Listening to a ‘great conversation’ on the public tv station between the urbane critic from the times and a newly-retired museum director renowned for spending copious amounts of someone else’s money acquiring trophy art for ever more prestigious institutions, a brilliant career. Some of the stuff they said I liked and any serious friend of Velasquez can’t be all bad, but museums like full parking lots and the bored attendance counters at the front desk and returns from the gift shop may not be the best judges of art for posterity.
The museum guy was lamenting the fact that the average museum goer’s average time in front of any particular work of art timed out at about one and a quarter seconds, really not enough time to comprehend what’s there. Well, there’s just an awful lot to see all accompanied by little tags of learned explanation, and it might be too much information for just one afternoon. The former director with his weeks, months, and years wandering the world’s major museums has had time to gaze at many illustrious works of art and so can speak with authority, but his day job is acquisition, funding, and revving up attendance.

Museums hoard all the great art available and ambitious directors take a chair in an ongoing game of monopoly -- rolling the dice, upping the ante, betting real money. They amass a big pile of really good art in big buildings on expensive real estate and they justify it all with projected attendance figures in great footstep-echoing halls. Their actual function is to serve as a reference library displaying what’s been achieved elsewhere, and raising the bar for the population in the surrounding vicinity, if the sports besotted six-packs would just show up. Well, with a bit of sympathy for the common man, everything all at once might not be the best way to experience art.

Paintings take time and physical effort to produce and they don’t give back much in one and quarter seconds. Try sitting on a park bench and see how long it takes to begin to hear the birds, to notice children playing, to consider the light and shadows under the trees. It doesn’t all enter consciousness right away. In fact, unless you’re distracted staring at your devise, there’s more to be aware of fifteen minutes in than when you first sit down. Paintings also require looking. Every feature was consciously put there to contribute to the final image, and new information, even a kind of unspoken understanding, will float to the surface if you can manage to look for more than a moment.

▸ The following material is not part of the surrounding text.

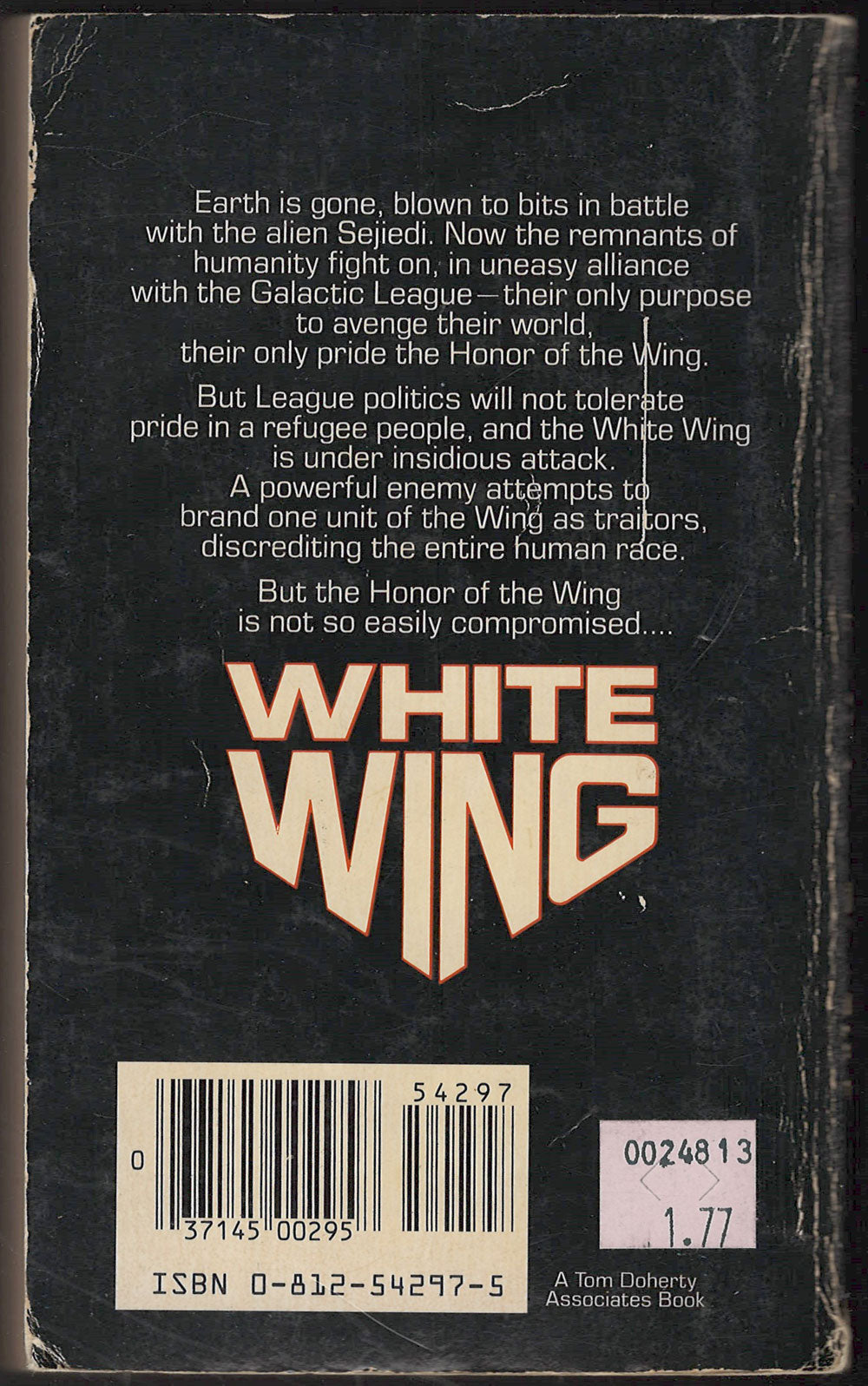 White Wing by Gordon Kendall back cover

An easier approach than making the museum guards twitch while you sway on your feet trying to absorb some great work of art all at once, would be to buy something worthy and live with it day to day. Doesn’t have to be reproduced in books and worth millions. It just has to be the product of the commitment and practice it takes to become an artist, and engaging enough to you in the long term to spend money in the moment. Time at the museum might help you make such a choice. Instead of squinting for a second and a quarter at masterpiece after masterpiece pushed along by blockbuster crowds or simply hurrying to take in as much as possible in one afternoon, just live with four or five significant works of art, perhaps purchased over decades, for the rest of your life.